Extracted records:
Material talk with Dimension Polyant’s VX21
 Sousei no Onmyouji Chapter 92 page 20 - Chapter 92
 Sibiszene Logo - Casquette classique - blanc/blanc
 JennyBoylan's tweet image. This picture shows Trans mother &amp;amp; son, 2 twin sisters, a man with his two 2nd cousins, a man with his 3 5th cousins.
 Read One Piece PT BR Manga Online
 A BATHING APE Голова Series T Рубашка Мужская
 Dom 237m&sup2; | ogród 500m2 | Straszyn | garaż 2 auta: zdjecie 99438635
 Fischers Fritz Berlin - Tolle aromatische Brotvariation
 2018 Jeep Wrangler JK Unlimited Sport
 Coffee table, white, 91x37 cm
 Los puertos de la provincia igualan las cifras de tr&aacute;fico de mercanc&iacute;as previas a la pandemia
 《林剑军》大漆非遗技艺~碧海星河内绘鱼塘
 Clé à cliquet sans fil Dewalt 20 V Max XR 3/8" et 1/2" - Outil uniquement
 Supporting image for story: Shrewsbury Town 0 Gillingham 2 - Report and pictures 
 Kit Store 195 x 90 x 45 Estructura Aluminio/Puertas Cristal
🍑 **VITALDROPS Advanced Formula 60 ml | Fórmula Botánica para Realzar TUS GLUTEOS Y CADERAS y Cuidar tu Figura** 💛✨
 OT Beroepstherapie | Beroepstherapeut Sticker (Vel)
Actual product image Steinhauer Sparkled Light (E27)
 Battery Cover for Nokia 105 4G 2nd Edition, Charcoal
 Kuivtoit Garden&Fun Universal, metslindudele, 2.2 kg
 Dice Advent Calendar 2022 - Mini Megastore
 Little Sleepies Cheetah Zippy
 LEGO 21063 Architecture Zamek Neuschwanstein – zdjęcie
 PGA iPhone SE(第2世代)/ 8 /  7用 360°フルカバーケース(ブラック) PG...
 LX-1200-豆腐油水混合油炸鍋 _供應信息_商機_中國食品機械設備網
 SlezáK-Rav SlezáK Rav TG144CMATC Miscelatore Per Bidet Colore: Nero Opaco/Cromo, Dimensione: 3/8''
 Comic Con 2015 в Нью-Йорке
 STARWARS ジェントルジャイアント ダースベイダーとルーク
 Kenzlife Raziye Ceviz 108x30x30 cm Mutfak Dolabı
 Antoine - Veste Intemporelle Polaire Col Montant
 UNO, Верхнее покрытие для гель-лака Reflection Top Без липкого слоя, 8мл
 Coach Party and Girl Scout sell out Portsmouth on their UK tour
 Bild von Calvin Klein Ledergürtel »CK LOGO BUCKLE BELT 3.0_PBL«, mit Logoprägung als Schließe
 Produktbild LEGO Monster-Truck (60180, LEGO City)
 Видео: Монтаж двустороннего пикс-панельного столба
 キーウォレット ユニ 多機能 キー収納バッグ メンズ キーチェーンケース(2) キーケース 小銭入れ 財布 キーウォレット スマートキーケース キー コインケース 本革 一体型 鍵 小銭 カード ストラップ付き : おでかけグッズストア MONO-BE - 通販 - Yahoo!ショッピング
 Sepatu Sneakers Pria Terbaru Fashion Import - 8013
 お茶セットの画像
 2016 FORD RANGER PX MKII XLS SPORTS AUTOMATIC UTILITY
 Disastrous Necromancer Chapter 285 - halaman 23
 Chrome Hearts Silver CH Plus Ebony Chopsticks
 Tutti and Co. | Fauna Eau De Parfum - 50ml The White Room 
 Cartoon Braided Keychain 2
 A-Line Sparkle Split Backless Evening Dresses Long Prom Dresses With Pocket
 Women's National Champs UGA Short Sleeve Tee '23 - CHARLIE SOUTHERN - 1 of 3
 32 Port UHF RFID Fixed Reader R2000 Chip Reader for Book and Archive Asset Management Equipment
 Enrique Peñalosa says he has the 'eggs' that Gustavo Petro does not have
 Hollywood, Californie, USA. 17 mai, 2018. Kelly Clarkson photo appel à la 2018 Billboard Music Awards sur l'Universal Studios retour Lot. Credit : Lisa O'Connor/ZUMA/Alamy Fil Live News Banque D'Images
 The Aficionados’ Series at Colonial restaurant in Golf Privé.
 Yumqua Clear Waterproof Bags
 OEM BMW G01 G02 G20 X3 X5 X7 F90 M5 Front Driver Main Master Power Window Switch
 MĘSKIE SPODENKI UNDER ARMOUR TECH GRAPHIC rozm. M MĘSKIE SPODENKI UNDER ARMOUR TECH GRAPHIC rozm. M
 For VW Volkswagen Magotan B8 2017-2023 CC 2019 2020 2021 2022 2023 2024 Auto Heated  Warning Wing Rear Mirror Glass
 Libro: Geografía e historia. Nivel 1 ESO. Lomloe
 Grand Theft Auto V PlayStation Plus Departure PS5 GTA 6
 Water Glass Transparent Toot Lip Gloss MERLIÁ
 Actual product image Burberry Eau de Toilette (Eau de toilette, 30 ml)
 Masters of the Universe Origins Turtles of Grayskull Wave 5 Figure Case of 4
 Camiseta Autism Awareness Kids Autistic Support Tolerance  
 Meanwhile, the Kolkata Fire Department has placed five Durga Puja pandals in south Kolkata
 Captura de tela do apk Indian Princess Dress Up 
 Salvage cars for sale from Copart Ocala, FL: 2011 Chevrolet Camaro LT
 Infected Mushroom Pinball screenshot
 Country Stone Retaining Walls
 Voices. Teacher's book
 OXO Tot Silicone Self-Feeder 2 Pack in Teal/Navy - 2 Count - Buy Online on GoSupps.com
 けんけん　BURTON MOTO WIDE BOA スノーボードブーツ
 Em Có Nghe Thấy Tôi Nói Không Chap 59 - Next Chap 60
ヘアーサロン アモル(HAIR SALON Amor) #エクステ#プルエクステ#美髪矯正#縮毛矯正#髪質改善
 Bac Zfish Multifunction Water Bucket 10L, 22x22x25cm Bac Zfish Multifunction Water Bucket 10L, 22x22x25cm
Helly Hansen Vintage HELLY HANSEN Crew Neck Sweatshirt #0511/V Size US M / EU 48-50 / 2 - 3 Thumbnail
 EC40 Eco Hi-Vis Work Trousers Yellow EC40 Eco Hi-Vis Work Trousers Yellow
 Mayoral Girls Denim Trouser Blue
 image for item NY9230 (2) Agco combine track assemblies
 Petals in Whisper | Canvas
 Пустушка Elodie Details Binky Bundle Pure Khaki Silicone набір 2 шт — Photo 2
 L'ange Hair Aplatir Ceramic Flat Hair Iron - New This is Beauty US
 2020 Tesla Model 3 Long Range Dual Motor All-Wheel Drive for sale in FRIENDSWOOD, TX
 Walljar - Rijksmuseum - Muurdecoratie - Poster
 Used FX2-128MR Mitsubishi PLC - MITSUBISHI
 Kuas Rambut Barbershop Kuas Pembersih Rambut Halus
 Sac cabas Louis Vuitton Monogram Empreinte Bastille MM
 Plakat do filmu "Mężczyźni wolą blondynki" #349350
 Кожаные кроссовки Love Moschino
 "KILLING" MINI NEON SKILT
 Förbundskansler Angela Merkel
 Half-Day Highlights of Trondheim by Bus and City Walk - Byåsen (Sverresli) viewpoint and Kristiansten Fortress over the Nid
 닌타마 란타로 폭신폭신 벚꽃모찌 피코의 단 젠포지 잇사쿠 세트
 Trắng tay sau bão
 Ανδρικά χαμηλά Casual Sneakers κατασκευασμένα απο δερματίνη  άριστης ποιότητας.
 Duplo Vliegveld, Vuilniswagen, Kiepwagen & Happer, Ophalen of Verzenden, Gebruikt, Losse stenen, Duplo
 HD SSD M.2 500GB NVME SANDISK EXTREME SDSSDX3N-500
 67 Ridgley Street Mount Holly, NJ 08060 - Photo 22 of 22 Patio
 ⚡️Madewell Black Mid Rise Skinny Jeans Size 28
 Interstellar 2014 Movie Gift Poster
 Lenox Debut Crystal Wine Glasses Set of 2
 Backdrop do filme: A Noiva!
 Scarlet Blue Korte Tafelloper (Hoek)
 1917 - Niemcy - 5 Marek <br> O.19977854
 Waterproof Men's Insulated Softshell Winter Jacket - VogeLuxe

- PROBLEM TO SOLVE
For this task, write out exactly the lines of the entries above, starting at the line with "Supporting image for" and ending at the line with "OT Beroepstherapie |", both included, and no others.

- TASK OUTPUT
 Supporting image for story: Shrewsbury Town 0 Gillingham 2 - Report and pictures 
 Kit Store 195 x 90 x 45 Estructura Aluminio/Puertas Cristal
🍑 **VITALDROPS Advanced Formula 60 ml | Fórmula Botánica para Realzar TUS GLUTEOS Y CADERAS y Cuidar tu Figura** 💛✨
 OT Beroepstherapie | Beroepstherapeut Sticker (Vel)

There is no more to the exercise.